# [Task description]
Copy each line from the records below in which the word "Blue" is found.

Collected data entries
= Beginning of Section =
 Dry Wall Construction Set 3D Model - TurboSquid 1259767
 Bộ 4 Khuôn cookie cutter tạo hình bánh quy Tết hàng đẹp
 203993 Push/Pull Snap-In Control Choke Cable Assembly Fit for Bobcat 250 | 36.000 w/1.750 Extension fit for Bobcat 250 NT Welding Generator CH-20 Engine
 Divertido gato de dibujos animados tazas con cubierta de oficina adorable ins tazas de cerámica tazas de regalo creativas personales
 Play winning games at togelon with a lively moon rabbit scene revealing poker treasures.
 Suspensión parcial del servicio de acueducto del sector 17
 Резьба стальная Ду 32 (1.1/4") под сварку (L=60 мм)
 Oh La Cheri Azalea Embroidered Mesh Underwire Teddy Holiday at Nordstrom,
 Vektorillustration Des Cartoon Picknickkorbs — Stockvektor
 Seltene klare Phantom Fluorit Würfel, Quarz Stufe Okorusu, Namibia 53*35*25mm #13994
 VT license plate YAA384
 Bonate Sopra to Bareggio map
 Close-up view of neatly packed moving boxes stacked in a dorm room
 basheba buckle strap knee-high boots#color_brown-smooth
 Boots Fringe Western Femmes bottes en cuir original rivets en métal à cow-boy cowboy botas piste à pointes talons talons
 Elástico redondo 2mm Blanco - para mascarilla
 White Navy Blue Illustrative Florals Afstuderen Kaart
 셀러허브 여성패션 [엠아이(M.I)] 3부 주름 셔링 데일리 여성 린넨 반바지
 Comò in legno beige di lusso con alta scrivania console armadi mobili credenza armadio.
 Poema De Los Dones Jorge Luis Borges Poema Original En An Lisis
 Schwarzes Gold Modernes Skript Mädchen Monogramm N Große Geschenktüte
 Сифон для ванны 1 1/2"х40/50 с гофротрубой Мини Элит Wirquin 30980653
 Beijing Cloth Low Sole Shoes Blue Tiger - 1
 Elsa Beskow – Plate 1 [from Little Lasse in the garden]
= End of Section =
# [Finished task]
 White Navy Blue Illustrative Florals Afstuderen Kaart
 Beijing Cloth Low Sole Shoes Blue Tiger - 1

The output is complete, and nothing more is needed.